他の邦字紙は、州警察の新聞検閲課から、この事件に関する記事の掲載を翌月まで禁じられた。さらに取り消し運動は反国家的行為であり、これに加担する者は処罰の対象になる、と脅された。 何故こういうことになったのか──。 追放命令には「三浦鑿が国家公安上、有害な人物」という意味のことが書かれているだけで、具体的には明示されていなかった。 が、三浦の書いたブラジル政府・軍部の批判記事が利用されたこと以外には考えられなかった。 しかし、その批判記事は、それほど過激なものではなかった。誰かが、それを意識的に政府・軍部を刺激する様に翻訳、州警察の新聞検閲課に告発したのである。 ここで、その告発者として、まず疑われたのが、前回の追放運動で動いた反三浦派である。 しかし、どうであろうか。前回は、中島総領事という権威を利用できた。しかし失敗した。当然、懲りていた筈である。今回は、そういう権威もいなかった。 なにより、最初に三浦排撃運動を起こしてから十数年経っていた。しかも一九三一年の国外追放の失敗から八年という空白があった。 人間は、そんなに長く一つの感情を維持できるものではない。維持できても薄らいで行く。彼らの殆どが、この二度目の追放工作に、積極的に関与した形跡もない。関与したとしても脇役であったろう。 しかし一人だけ、ハッキリそれと判る形で、張り切って走り回っていた男がいた。岸本次男である。 岸本は三浦逮捕の現場では、警官たちの中にその姿があった。指揮をとっている様に見えたこともあるという。さらにブラジル時報を訪れ、三浦の追放は当然のこと││と主張、それを記事にさせ、追放取り消し運動を牽制した。 その変態的嗜虐趣味で、またも三浦追放を謀ったのだ。サデズムでやったのだから、八年の空白があっても、やる気の薄らぐことはなかったであろう。岸本は、依然、州警察に食い込んでもいた。 それと前回は失敗したが、今回は周囲の状況が変っていた。ヴァルガスがナショナリズム色強烈な新国家体制の構築を進めていた。日本語学校を閉鎖、日本語新聞を締め付けていた。そういう状勢の中で、この三浦追放、日伯新聞の発行禁止が行われている。 状勢を観て、岸本のサデズムが鎌首を持ち上げたのであろう。今回は、州警察が三浦を呼んで言い分を聞くことはなく、一方的にことは進められた。それができる様に、法令や州警察内の空気が変化してもいた。 追放された三浦は、欧州で翌年まで暮らしている。
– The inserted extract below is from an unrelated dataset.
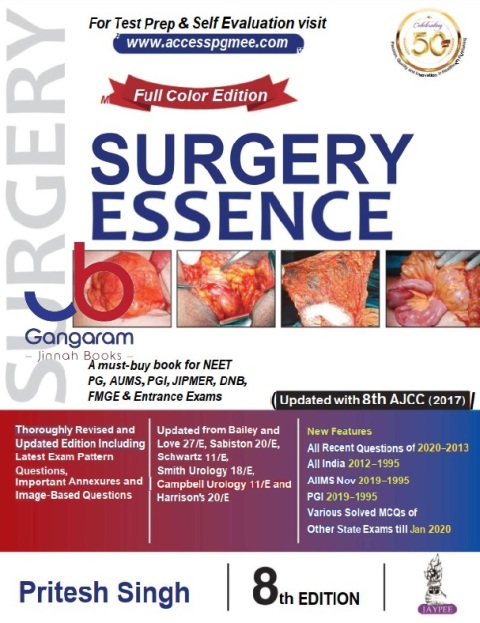 Surgery Essence 8th Edition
彼は元英語教師だったから、語学は達者であった。それと、追放されるまでは、日伯新聞が全盛期だったから、経済的にも豊かだった。観光旅行を楽しむ様な気分でアチコチ旅行して歩いたという。その後、日本へ向かった。 以後については別章に譲る。 一九四〇年、ブラ拓の銀行部が南米銀行と改称した。カーザ・バンカリア(小銀行)からバンコ(銀行)へ昇格した。急速に事業量を拡大させていたのである。 一九四一年、水野龍がまたしても、人を驚かす行動に出た。八十二歳という高齢になっていたが──ということは、現代なら百歳以上に見做さねばなるまいが──造成中の植民地の資金繰りのため、またも訪日したのである。 なんとも元気な老人である。これも、その後については別章で…ということになる。 同じく四一年、『ブラジルに於ける日本人発展史』の上巻が日本で発行された。戦後出た下巻とともに、今日では貴重な資料となっている。 付記しておけば「邦人社会」の同意語として、一部で「コロニア・ジャポネーザ」、略して「コロニア」が使用されるようになったのは、この戦前末期の頃である。邦字新聞のスポーツ関係記事に使われ始めている。 なお、笠戸丸以来の移住者総数は一八万人を数え、ブラジル生まれの子供を加えれば二〇数万と見積もられていた。